> **ACTIVITY**
What you write should match, word for word, the lines from the one containing "HY Stainless Steel" through the end of the data, with no pictures.
(PROVIDED MATERIAL Opens)
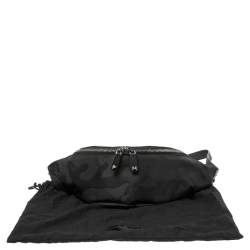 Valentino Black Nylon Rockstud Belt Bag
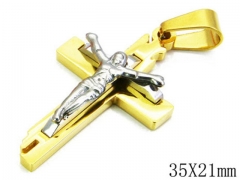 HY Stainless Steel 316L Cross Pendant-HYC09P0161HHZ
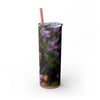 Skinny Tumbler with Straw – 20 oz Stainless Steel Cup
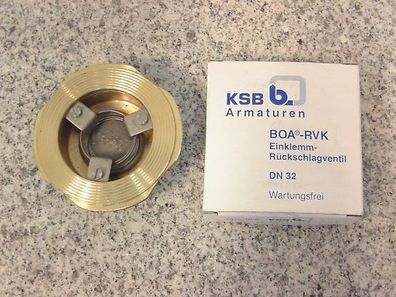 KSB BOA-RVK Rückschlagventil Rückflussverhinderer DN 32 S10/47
(PROVIDED MATERIAL Closes)
> **SOLUTION TO THIS PROBLEM**
 HY Stainless Steel 316L Cross Pendant-HYC09P0161HHZ
 Skinny Tumbler with Straw – 20 oz Stainless Steel Cup
 KSB BOA-RVK Rückschlagventil Rückflussverhinderer DN 32 S10/47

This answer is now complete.